Where are you, Kaif?

Thousands of Clambers interlocked with one another below the massive infrastructure that was Highway One, and Kayla calmed herself with its stacking structure. The mushroom cloud was gone. The Clamber returned to normal, containers stacking upon containers in adjacent manners, all clinging to the concrete pillars of a flyover. Coated with the ever-restless radiance of digital billboards and holographic advertisements, the Clamber seemed to be a merry place for party-goers. A place where thousands of secrets lay. Murder, death, and abuse unfurled in the platforms, all ignored by the corrupt DC enforcers, fading into a forgetful history.

Thousands of people live in the Clamber. That thought emerged in her mind every time she let herself weave through the endless stream of thoughts. All suffering, like me. All in need of escape, like me. How did the Great Mother do this? How did she emerge from a commoner, suddenly immortal and powerful, to lead millions of people under her banner?

Finally, her eyes tweaked to the stapled picture of a woman so white, her skin seemed fragile that it could peel off. The picture wasn't a fancy thing. The painted woman was the Great Mother Empress Mara, who ruled the world two thousand years ago in the name of the Mono Empire. No one knew how she originally looked, but through written texts and archaeological shreds of evidence existed a beautiful woman whom many nations praised. Thus, illustrations would be the only medium for her followers to picture her appearance.

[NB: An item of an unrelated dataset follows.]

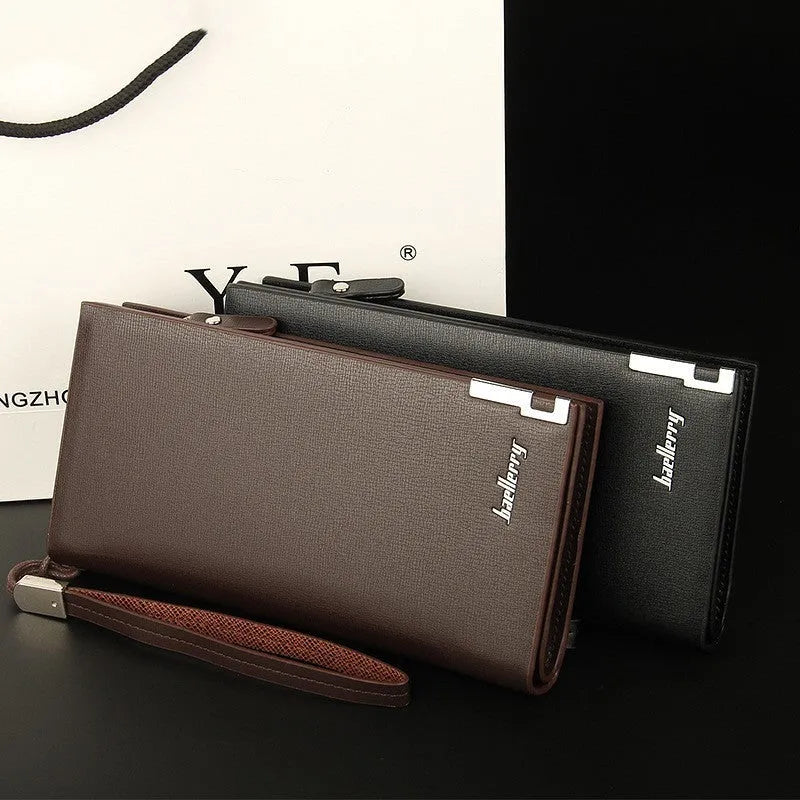 Men's black PU leather wallet with multiple card slots and zipped coin compartment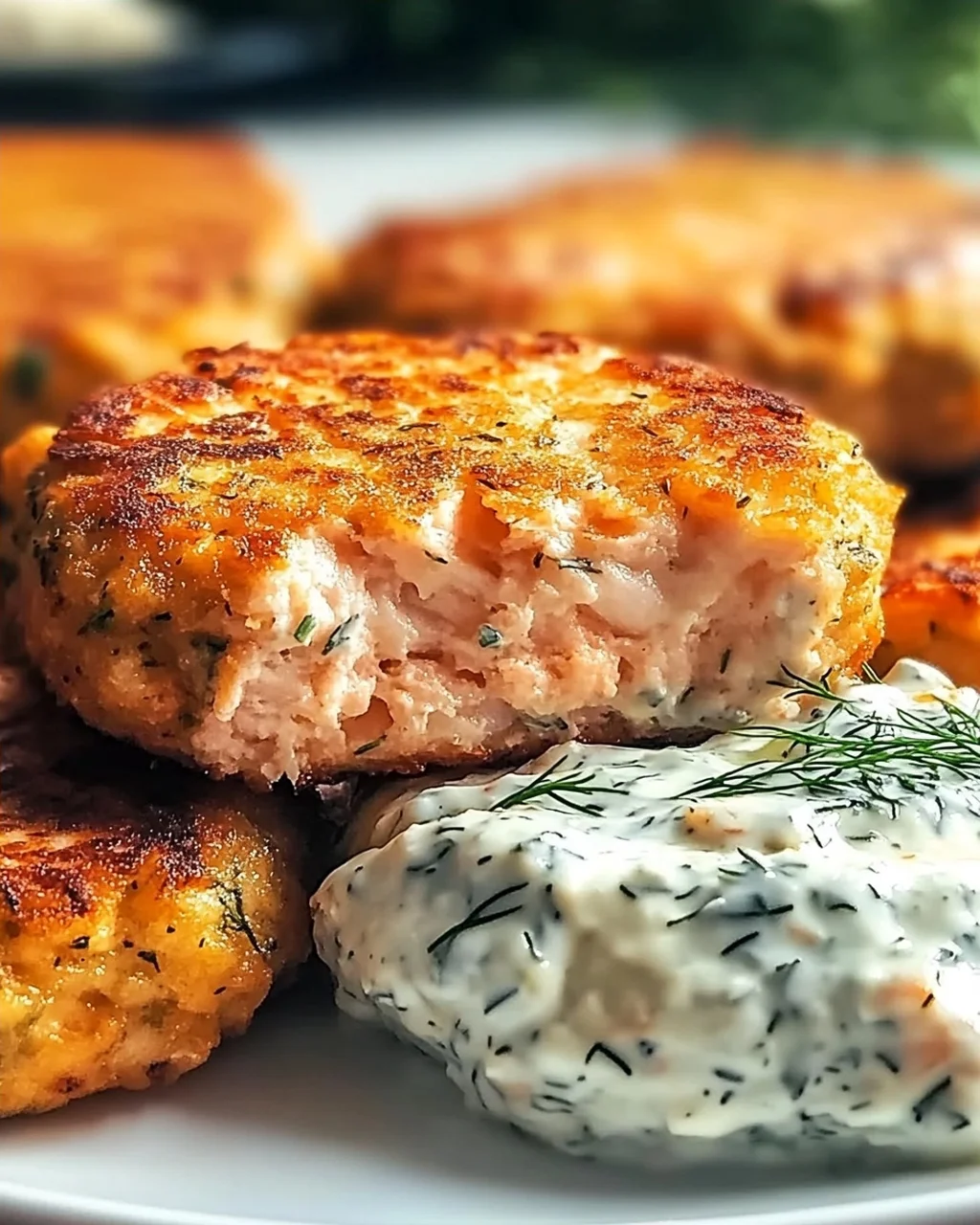 Lachsbratlinge mit scharfer Dill-Knoblauch-Dip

Kayla brought herself down and knelt, her tan skin a muddy nuisance to the darkness in the living room. She clasped her hands and prayed.

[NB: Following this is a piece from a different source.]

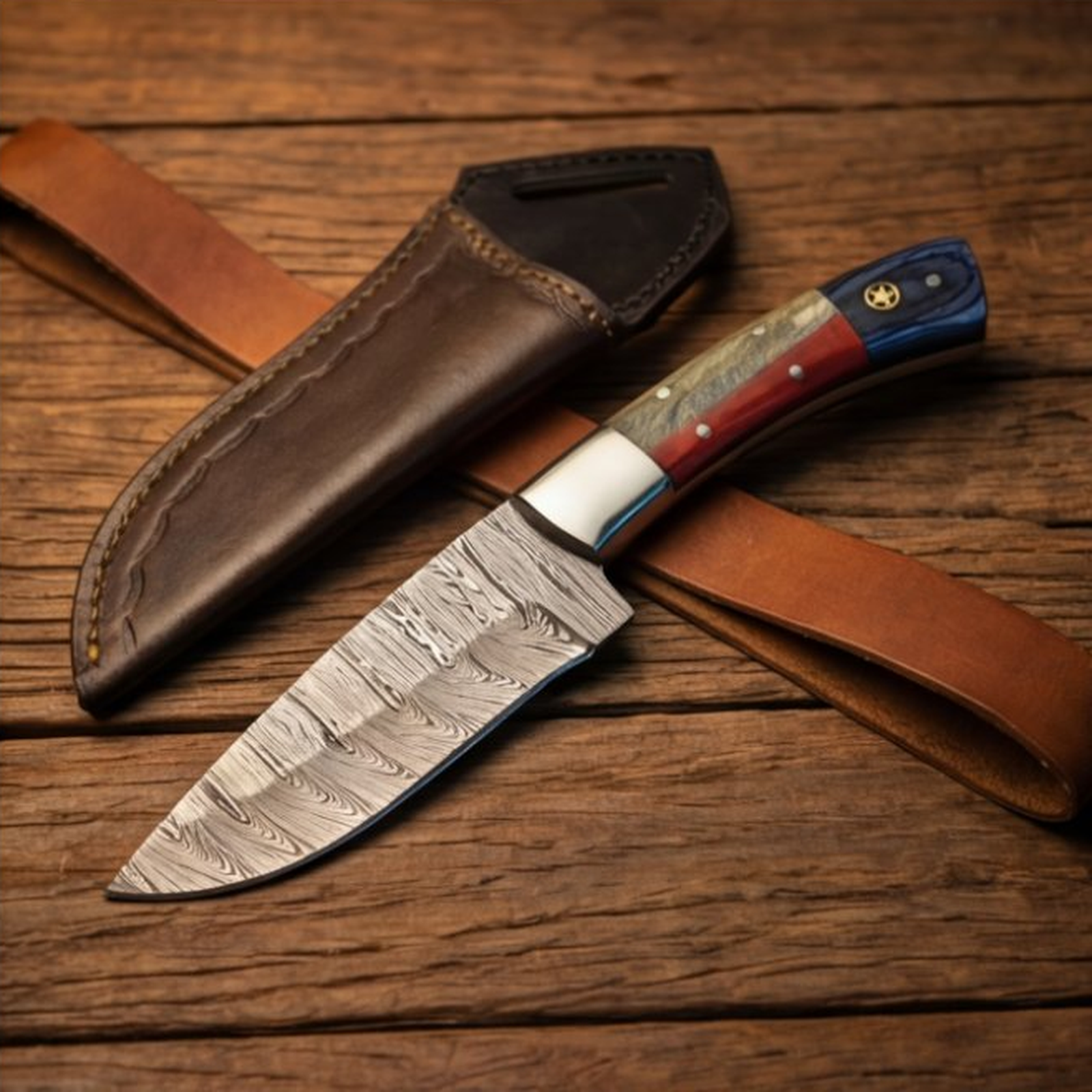 Handmade Damascus Skinner Knife 8” Pakka Wood Handle Fixed Blade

Don't let this world forsake me. Protect me always, Mother Mara, and protect both my brother and sister, for they are only what I have. Bring peace to our country, so we can feel safe without the thousands of minutes spend worrying about the fate of our lives.

After the prayer, Kayla snatched an ugly doll from the wooden desk and headed to her room which she shared with Kaia. It was a small thing, cloistered on the back of the house with not enough room for the two of them to stand at the same time.

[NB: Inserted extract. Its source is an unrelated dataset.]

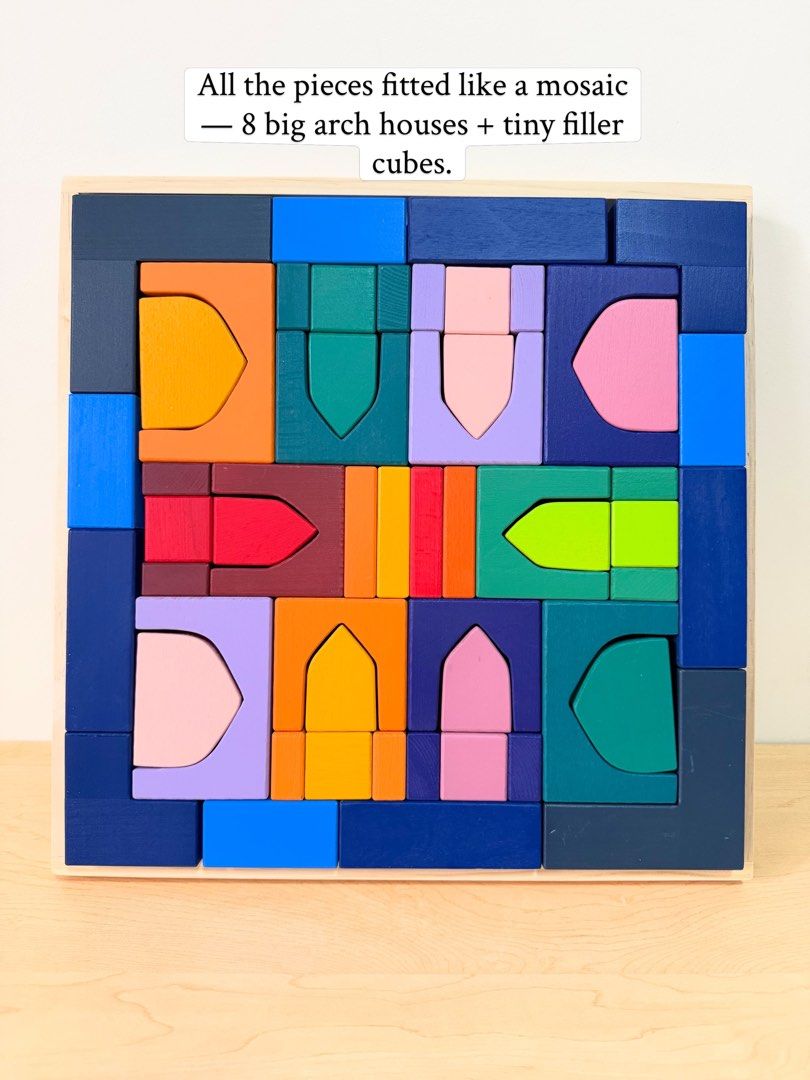 1001 Nights Building blocks puzzle (Category: Lego & Building Sets) located in Pasig City. Submitted by timberthinksph (Listing ID 1454148883, Image 1). Description: Build your own Arabian Nights ✨🏜️ Our 1001 Nights Castle Blocks — puzzle + building set in one! Arches, domes, towers in jewel tones: teal, mustard, plum, orange, blush pink, midnight blue. From flat puzzle to magical city — how many castles can your little one imagine? .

She climbed the top bunk and sank in the pillows, muzzling her ears from the constant sounds of moving things⸺ the constant movements and vibrations of cars, of loud music, of screams from neighboring houses, of advertisements bleaching the sides of Clambers.

Lilith, the ugly, humanoid doll Kaif gave her years ago, lay comfortably within Kayla's embrace. Its button eyes stared into the blackened ceiling which Kayla refused to look at. It was a very uninteresting splotch of burnt asbestos.

After a struggle, Kayla drowsed.

"Wake up, you knob!" Kaia shook Kayla's shoulder before she groaned.

When she opened her eyes, all she saw was the ugliness of her sister. She was half-dressed, her hair a messy knot of strings. Her eyes were bleakly red above her tan cheeks which had been emblazoned with tears.

"You're not going to school today," she said abruptly. "Your brother's dead."